TASK DETAILS
Restate the listing below word for word. No picture belongs in the result.
+ + + +
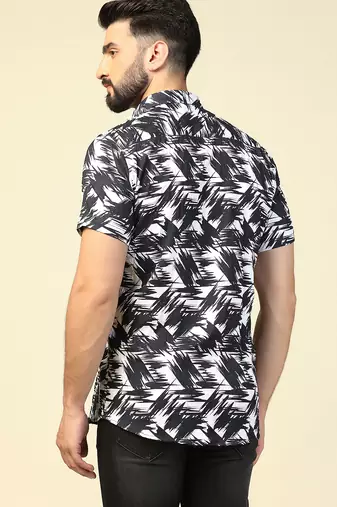 Men casual black printed shirt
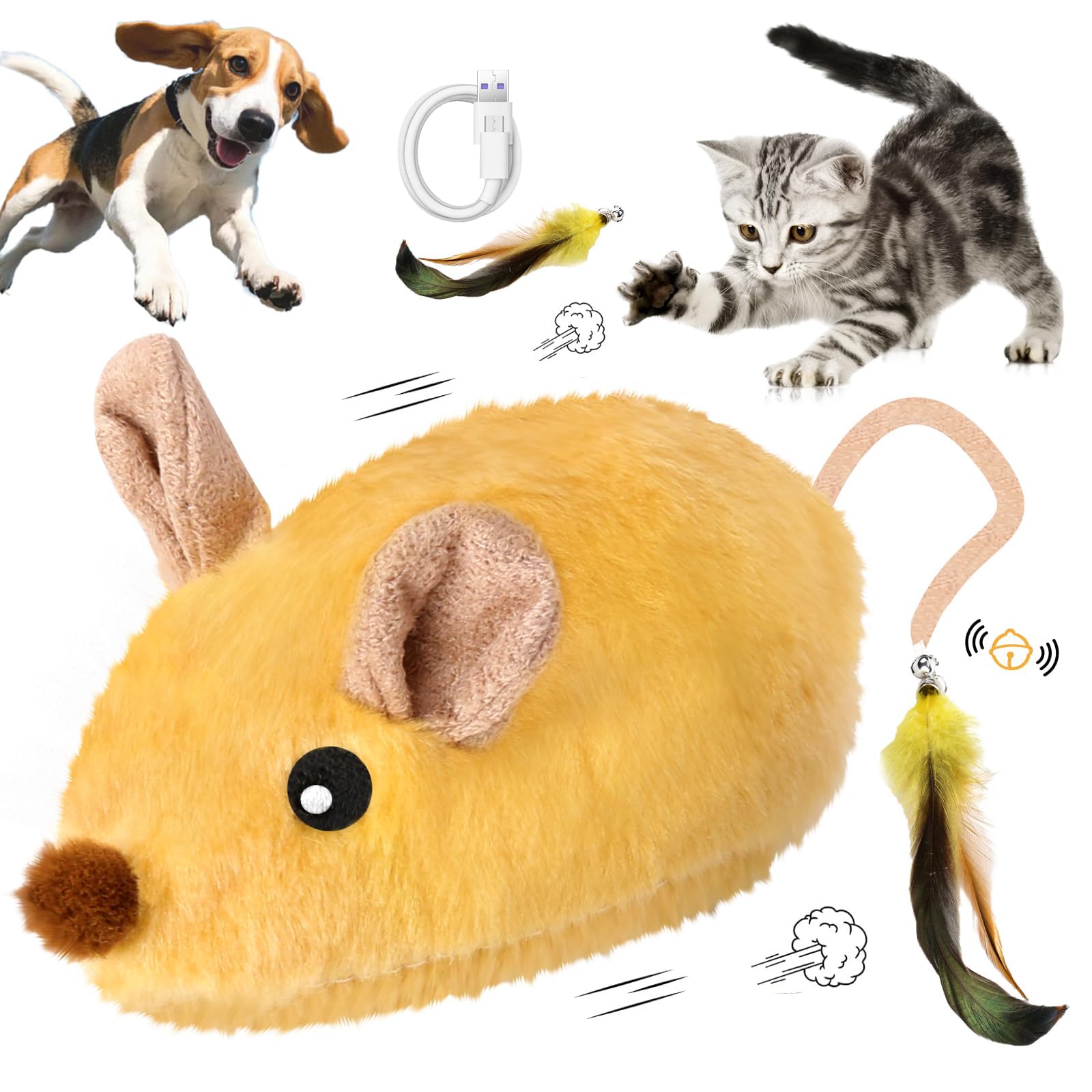Amazon.co.jp: JYIXTN 猫おもちゃ 電動自動ねずみ 羽根と鈴付きしっぽ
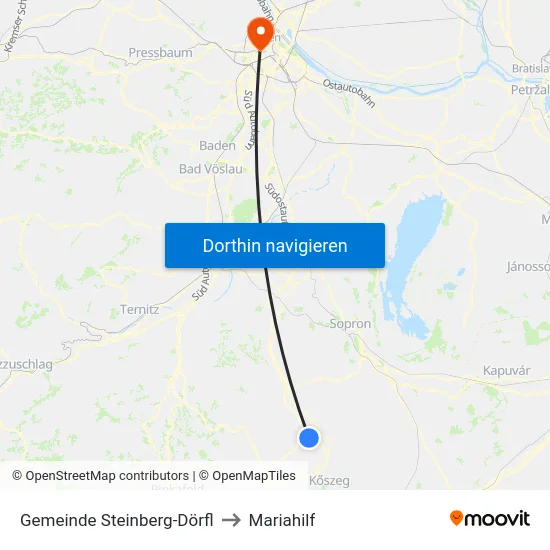 Gemeinde Steinberg-Dörfl to Mariahilf map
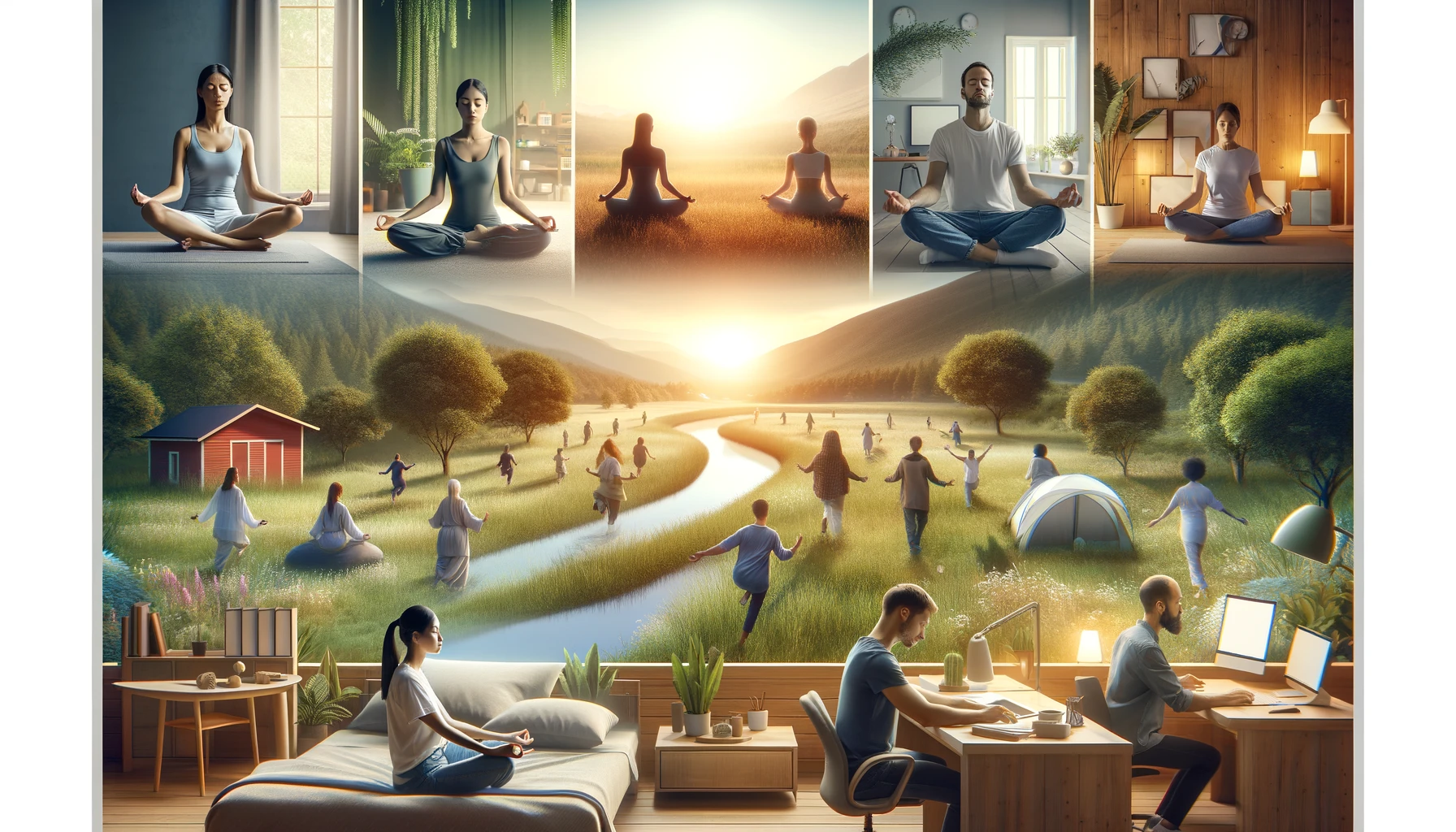 Diverse individuals experiencing the benefits of breathing techniques in serene settings, including meditating in a park, practicing yoga in a studio, enjoying restful sleep in a bedroom, and engaging in focused work in an office, highlighting the benefits of stress reduction, improved sleep, mental clarity, and enhanced respiratory health.
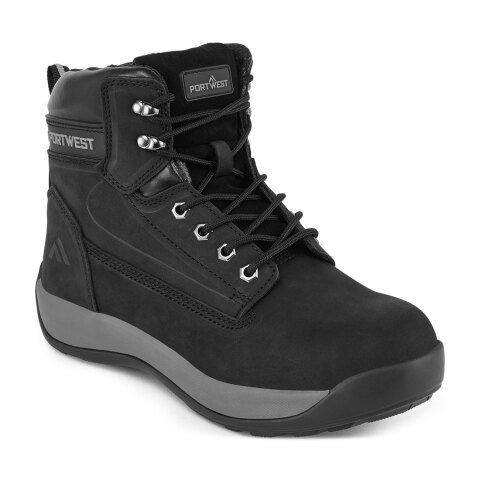 PORTWEST FW32 CHAUSSURE MI-HAUTE CUIR NUBUCK EMBOUT ACIER S3 HRO NOIR - TAILLE 47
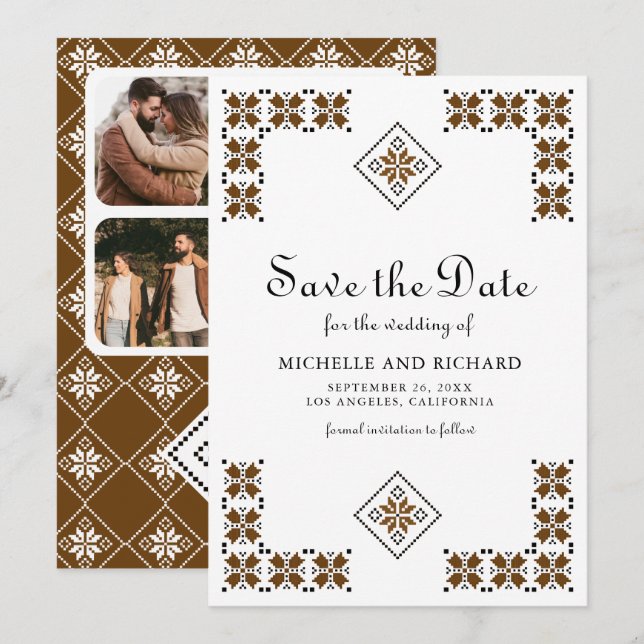 Brown and Black Ukrainian Embroidery Wedding Save The Date (Vorne/Hinten)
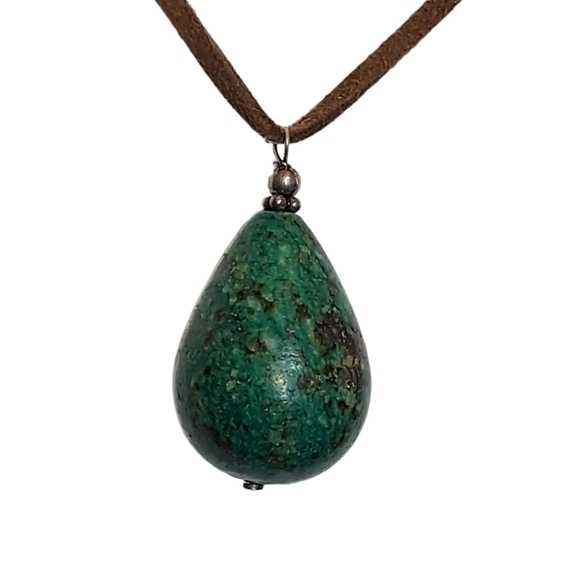 Green Jasper Teardrop Pendant Necklace on Brown Leather Cord Artisan Style NWOT - Picture 3 of 6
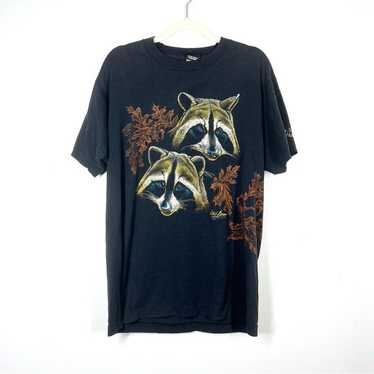 VINTAGE 1989 Racoon New Hampshire Nature Graphic … - image 1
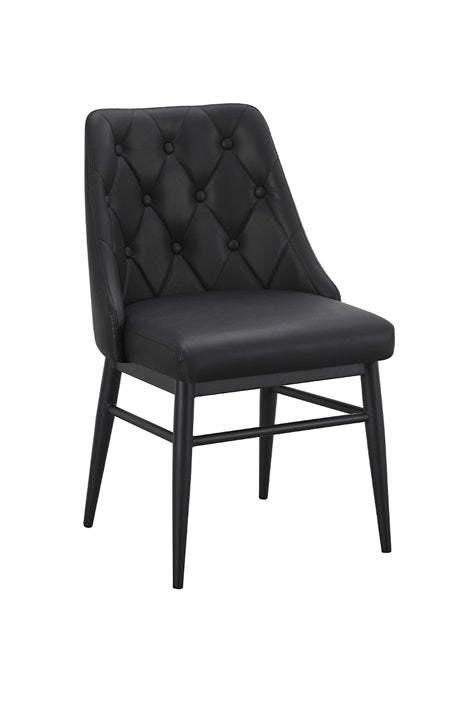 Diamond-Tufted Vinyl Metal Dining Chair
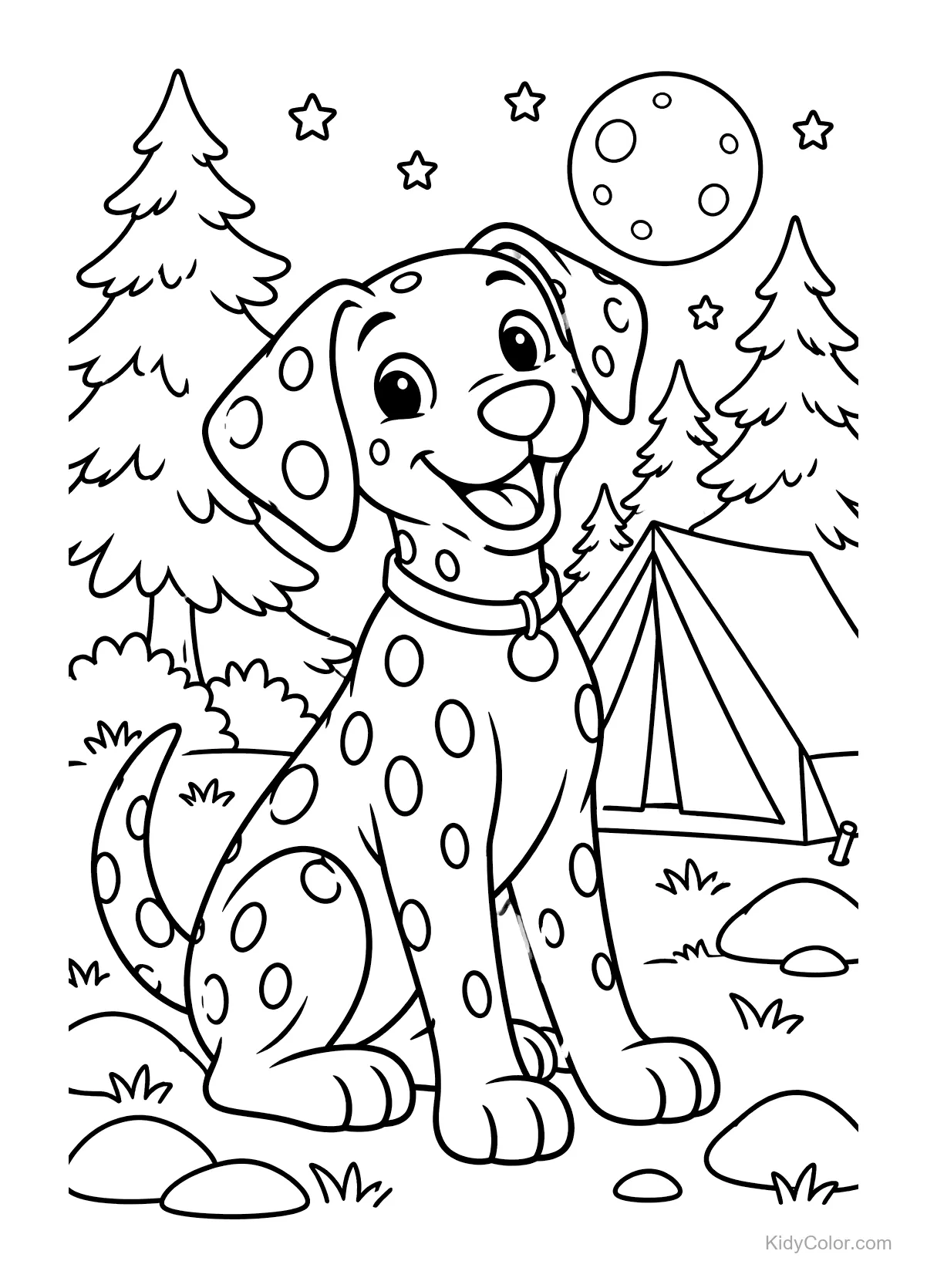 Dalmatien assis dehors sous un ciel étoilé avec des arbres et une tente.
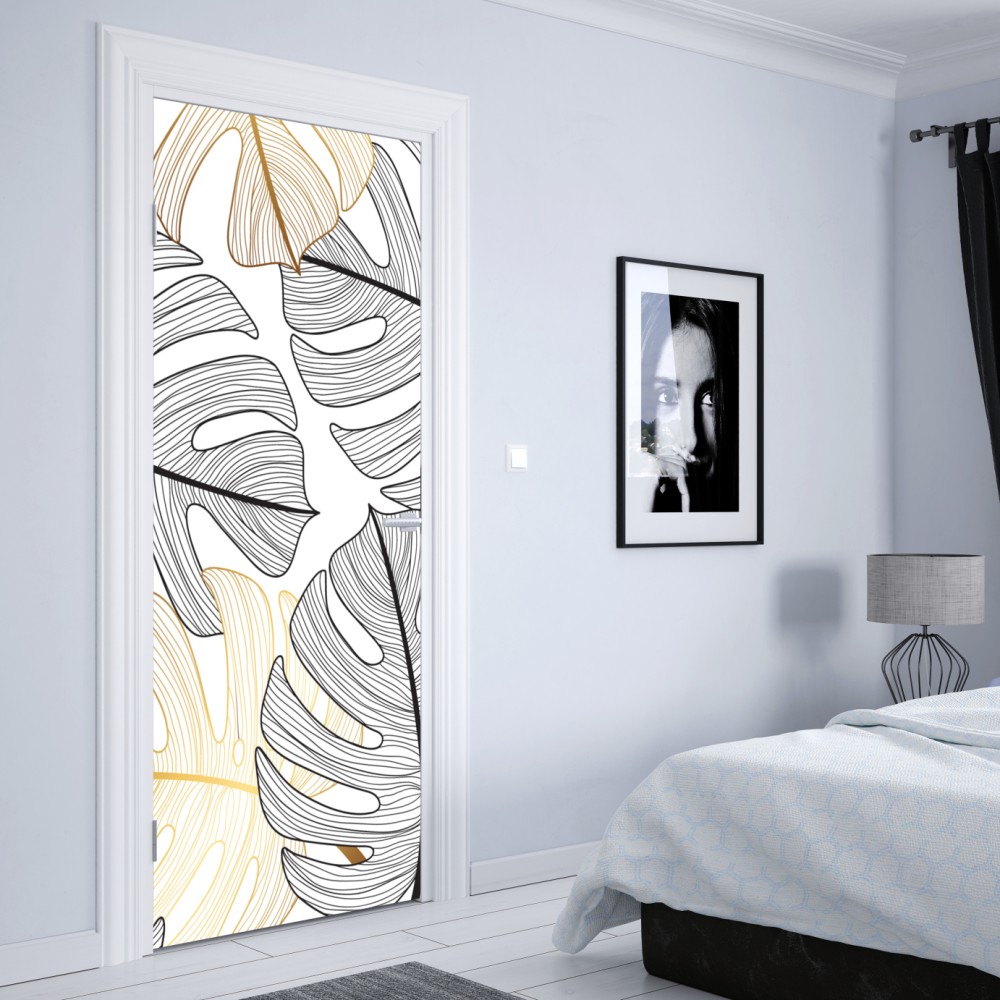 Naklejka na drzwi wzór liści monstera ze złotymi akcentami – Wallissimo® Naklejka na drzwi wzór liści monstera ze złotymi akcentami – Wallissimo®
+ + + +
ANSWER BELOW
 Men casual black printed shirt
Amazon.co.jp: JYIXTN 猫おもちゃ 電動自動ねずみ 羽根と鈴付きしっぽ
 Gemeinde Steinberg-Dörfl to Mariahilf map
 Diverse individuals experiencing the benefits of breathing techniques in serene settings, including meditating in a park, practicing yoga in a studio, enjoying restful sleep in a bedroom, and engaging in focused work in an office, highlighting the benefits of stress reduction, improved sleep, mental clarity, and enhanced respiratory health.
 PORTWEST FW32 CHAUSSURE MI-HAUTE CUIR NUBUCK EMBOUT ACIER S3 HRO NOIR - TAILLE 47
 Brown and Black Ukrainian Embroidery Wedding Save The Date (Vorne/Hinten)
 Green Jasper Teardrop Pendant Necklace on Brown Leather Cord Artisan Style NWOT - Picture 3 of 6
 VINTAGE 1989 Racoon New Hampshire Nature Graphic … - image 1
 Diamond-Tufted Vinyl Metal Dining Chair
 Dalmatien assis dehors sous un ciel étoilé avec des arbres et une tente.
 Naklejka na drzwi wzór liści monstera ze złotymi akcentami – Wallissimo® Naklejka na drzwi wzór liści monstera ze złotymi akcentami – Wallissimo®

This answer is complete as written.